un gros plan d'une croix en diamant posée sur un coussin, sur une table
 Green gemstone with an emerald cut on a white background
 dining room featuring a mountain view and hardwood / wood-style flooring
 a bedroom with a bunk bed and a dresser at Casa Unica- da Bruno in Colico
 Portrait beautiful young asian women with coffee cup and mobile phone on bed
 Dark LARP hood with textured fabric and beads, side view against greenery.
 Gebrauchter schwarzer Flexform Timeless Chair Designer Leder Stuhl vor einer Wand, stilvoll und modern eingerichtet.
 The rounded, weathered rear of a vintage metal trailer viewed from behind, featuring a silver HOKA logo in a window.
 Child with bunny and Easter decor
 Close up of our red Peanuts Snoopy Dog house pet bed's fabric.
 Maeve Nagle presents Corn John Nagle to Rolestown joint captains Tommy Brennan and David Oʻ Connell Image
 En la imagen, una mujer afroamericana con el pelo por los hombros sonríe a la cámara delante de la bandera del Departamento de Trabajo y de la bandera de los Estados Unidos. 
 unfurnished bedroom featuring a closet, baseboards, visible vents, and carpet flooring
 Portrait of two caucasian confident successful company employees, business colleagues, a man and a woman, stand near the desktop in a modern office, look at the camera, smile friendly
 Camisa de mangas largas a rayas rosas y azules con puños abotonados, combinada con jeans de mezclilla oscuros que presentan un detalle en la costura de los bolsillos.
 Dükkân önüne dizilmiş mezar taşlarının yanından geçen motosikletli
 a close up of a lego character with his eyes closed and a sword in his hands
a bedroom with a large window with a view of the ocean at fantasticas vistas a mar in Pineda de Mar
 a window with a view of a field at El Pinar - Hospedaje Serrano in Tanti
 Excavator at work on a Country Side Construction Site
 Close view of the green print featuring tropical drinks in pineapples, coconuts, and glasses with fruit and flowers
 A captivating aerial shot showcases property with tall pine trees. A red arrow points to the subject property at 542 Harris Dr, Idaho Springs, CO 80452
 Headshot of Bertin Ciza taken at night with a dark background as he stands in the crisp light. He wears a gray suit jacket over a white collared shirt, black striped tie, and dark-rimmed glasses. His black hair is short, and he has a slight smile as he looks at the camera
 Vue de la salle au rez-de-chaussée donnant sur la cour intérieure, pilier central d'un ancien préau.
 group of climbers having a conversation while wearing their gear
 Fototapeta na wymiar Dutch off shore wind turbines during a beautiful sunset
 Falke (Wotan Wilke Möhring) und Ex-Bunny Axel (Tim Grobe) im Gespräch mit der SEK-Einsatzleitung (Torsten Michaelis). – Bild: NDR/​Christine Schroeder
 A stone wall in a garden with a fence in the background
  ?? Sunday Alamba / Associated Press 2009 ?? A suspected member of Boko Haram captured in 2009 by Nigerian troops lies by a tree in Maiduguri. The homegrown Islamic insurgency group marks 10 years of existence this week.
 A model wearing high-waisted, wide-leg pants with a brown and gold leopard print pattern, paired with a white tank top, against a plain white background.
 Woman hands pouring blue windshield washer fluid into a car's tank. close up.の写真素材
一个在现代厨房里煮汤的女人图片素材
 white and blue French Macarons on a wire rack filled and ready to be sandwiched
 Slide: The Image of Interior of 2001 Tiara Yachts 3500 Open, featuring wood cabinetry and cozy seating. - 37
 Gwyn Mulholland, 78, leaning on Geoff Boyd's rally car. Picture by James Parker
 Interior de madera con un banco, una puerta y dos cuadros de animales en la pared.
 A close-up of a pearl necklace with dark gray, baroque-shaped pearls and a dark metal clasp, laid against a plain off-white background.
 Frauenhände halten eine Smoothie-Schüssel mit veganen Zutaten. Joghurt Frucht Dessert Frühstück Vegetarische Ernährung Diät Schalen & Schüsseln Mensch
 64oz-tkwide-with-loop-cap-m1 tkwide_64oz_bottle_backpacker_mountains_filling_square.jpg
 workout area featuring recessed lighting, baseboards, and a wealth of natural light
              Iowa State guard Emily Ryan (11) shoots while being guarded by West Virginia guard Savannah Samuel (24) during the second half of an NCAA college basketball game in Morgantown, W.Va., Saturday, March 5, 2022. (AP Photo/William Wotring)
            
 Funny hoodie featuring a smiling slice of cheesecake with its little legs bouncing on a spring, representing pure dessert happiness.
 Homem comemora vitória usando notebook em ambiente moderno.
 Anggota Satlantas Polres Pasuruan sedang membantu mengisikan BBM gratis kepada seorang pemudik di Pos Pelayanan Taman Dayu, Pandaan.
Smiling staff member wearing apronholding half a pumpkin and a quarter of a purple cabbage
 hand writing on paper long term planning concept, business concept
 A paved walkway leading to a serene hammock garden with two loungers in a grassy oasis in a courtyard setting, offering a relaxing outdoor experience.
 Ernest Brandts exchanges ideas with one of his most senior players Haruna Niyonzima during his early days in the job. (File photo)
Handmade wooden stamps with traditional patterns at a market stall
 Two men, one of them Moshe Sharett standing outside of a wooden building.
※ ※ ※
THE TASK: In the listing above, find the line containing "Portrait beautiful young" and the line containing "Close up of our", then repeat those two lines and everything between them exactly.

EXERCISE SOLUTION:
 Portrait beautiful young asian women with coffee cup and mobile phone on bed
 Dark LARP hood with textured fabric and beads, side view against greenery.
 Gebrauchter schwarzer Flexform Timeless Chair Designer Leder Stuhl vor einer Wand, stilvoll und modern eingerichtet.
 The rounded, weathered rear of a vintage metal trailer viewed from behind, featuring a silver HOKA logo in a window.
 Child with bunny and Easter decor
 Close up of our red Peanuts Snoopy Dog house pet bed's fabric.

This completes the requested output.